TASK INPUTS:

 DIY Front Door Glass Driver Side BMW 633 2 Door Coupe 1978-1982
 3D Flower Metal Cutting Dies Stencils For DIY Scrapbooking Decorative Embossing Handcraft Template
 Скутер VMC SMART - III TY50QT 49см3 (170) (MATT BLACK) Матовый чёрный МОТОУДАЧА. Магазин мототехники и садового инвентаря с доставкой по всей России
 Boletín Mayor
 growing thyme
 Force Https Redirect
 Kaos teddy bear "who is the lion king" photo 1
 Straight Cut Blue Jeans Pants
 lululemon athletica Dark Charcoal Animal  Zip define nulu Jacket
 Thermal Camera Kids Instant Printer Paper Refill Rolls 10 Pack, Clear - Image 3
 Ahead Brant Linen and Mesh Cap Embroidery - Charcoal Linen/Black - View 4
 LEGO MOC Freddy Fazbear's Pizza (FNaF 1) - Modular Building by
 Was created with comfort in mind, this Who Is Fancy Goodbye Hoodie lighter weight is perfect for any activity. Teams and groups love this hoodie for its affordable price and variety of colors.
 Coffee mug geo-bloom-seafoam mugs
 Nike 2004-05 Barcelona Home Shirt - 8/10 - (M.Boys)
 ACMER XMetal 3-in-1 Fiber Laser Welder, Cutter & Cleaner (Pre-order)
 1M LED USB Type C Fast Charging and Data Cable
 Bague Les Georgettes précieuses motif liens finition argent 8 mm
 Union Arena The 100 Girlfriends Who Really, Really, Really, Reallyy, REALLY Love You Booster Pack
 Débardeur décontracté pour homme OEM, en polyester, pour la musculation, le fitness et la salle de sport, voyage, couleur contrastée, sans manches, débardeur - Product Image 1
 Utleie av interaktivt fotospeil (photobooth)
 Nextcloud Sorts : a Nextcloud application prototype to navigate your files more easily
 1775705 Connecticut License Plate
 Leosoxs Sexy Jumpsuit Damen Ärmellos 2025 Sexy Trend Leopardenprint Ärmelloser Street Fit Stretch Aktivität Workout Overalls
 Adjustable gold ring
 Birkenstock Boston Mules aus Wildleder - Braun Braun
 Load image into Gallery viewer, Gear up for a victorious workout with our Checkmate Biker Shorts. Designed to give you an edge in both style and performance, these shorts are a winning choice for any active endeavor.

EXERCISE:
What is needed is an exact transcription of all the data.

THE ANSWER:
 DIY Front Door Glass Driver Side BMW 633 2 Door Coupe 1978-1982
 3D Flower Metal Cutting Dies Stencils For DIY Scrapbooking Decorative Embossing Handcraft Template
 Скутер VMC SMART - III TY50QT 49см3 (170) (MATT BLACK) Матовый чёрный МОТОУДАЧА. Магазин мототехники и садового инвентаря с доставкой по всей России
 Boletín Mayor
 growing thyme
 Force Https Redirect
 Kaos teddy bear "who is the lion king" photo 1
 Straight Cut Blue Jeans Pants
 lululemon athletica Dark Charcoal Animal  Zip define nulu Jacket
 Thermal Camera Kids Instant Printer Paper Refill Rolls 10 Pack, Clear - Image 3
 Ahead Brant Linen and Mesh Cap Embroidery - Charcoal Linen/Black - View 4
 LEGO MOC Freddy Fazbear's Pizza (FNaF 1) - Modular Building by
 Was created with comfort in mind, this Who Is Fancy Goodbye Hoodie lighter weight is perfect for any activity. Teams and groups love this hoodie for its affordable price and variety of colors.
 Coffee mug geo-bloom-seafoam mugs
 Nike 2004-05 Barcelona Home Shirt - 8/10 - (M.Boys)
 ACMER XMetal 3-in-1 Fiber Laser Welder, Cutter & Cleaner (Pre-order)
 1M LED USB Type C Fast Charging and Data Cable
 Bague Les Georgettes précieuses motif liens finition argent 8 mm
 Union Arena The 100 Girlfriends Who Really, Really, Really, Reallyy, REALLY Love You Booster Pack
 Débardeur décontracté pour homme OEM, en polyester, pour la musculation, le fitness et la salle de sport, voyage, couleur contrastée, sans manches, débardeur - Product Image 1
 Utleie av interaktivt fotospeil (photobooth)
 Nextcloud Sorts : a Nextcloud application prototype to navigate your files more easily
 1775705 Connecticut License Plate
 Leosoxs Sexy Jumpsuit Damen Ärmellos 2025 Sexy Trend Leopardenprint Ärmelloser Street Fit Stretch Aktivität Workout Overalls
 Adjustable gold ring
 Birkenstock Boston Mules aus Wildleder - Braun Braun
 Load image into Gallery viewer, Gear up for a victorious workout with our Checkmate Biker Shorts. Designed to give you an edge in both style and performance, these shorts are a winning choice for any active endeavor.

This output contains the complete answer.